Falemos de assuntos sérios, porque de Velhos do Restelo não consta a evolução da História. Puebla de Sanábria, a 30km de Bragança, terá uma estação de Alta Velocidade (AV) num horizonte entre 2012 e 2014. Nesse mesmo horizonte, Bragança terá o seu aeródromo consideravelmente alargado, pronto a receber voos de companhias low cost. Numa ponta, a AV e o Lago da Sanábria; na outra ponta, a Linha do Douro e o Douro Património da Humanidade, que já ultrapassou Lisboa e Porto enquanto região turística; pelo caminho está o novo aeroporto de Bragança. Conectando todas estas realidades está a Linha do Tua.

Quanto à discussão sobre uma barragem no Tua e a possibilidade da destruição irreversível da Linha do Tua, essa então está ao nível da discussão do sexo dos anjos. O único ponto positivo desta obra é o de contribuir para a produção de no máximo 0,5% da energia eléctrica nacional, e sublinhe-se que o Vale do Elba, Património da Humanidade na Alemanha, foi o 2º sítio da História a perder o galardão da UNESCO, e apenas por causa da construção de uma ponte, em Junho passado. Uma vez que a UNESCO tem uma reputação a manter, se decide que uma ponte descaracteriza um sítio, decidirá certamente que uma barragem descaracteriza o Douro Vinhateiro, retirando-lhe assim o galardão de Património da Humanidade, o que seria ruinoso para a reputação do país e para o Turismo da região. Quem assume essa responsabilidade, por teimosia cega, ou por interesse, ou por subserviência à EDP, que dê um passo em frente.

E agora, pensemos todos juntos: a fonte de energia com maior peso nas importações nacionais é o petróleo; o sector de actividade com maior consumo de energia é o dos transportes (60% do petróleo consumido em Portugal vai para este sector); cerca de 80% da energia gasta no sector dos transportes é da responsabilidade do transporte rodoviário; 95% do transporte interno é rodoviário; 82% do transporte interno é feito em transporte particular; os carros não andam a electricidade (qual o peso dos carros eléctricos sobre os demais?); a dependência energética de Portugal é de 99%; para produzir 1000 euros de riqueza, Portugal precisa de mais 40kg de equivalente de petróleo que a média da União Europeia, e está a precisar de cada vez mais, enquanto a UE precisa de cada vez menos; em Junho de 2008 o país parou, porque centenas de camionistas fizeram greve; “o que a região necessita é de boa rodovia”, diz Mota Andrade.
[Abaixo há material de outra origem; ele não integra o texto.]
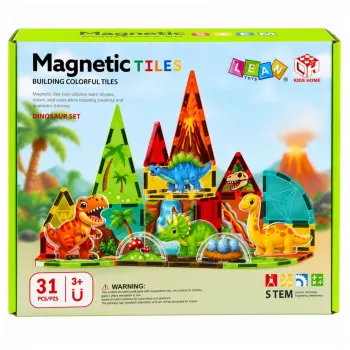 LEAN TOYS Magnetic Construction Blocks Dinosaurs Volcano 31 pcs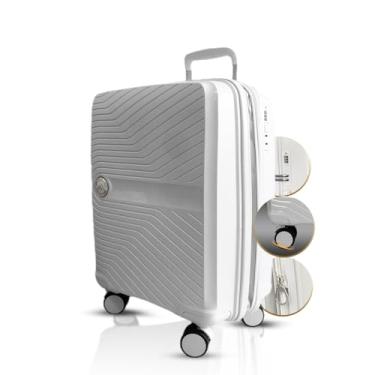 Imagem de Mala de Viagem Grande 32kg Polo King em Polipropileno, Zíper Expansível com Cadeado (Branco, Grande)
Desisto; a lógica deste senhor é ininteligível. Quando Mirandela, Bragança e a Puebla de Sanábria se revelam totalmente a favor da reabertura e prolongamento da Linha do Tua, dizer com toda a convicção que nem o PS nem nenhum outro partido contemplarão na sua estratégia o caminho-de-ferro para a região (Mota Andrade dixit) não é ousado: é uma bruta tolice, não se sabe bem se por desespero se por falta de argumentos e total desconhecimento da realidade do Nordeste. Mas é esse afinal o papel dos Velhos do Restelo: arrastar-nos para as trevas da ignorância e da estagnação.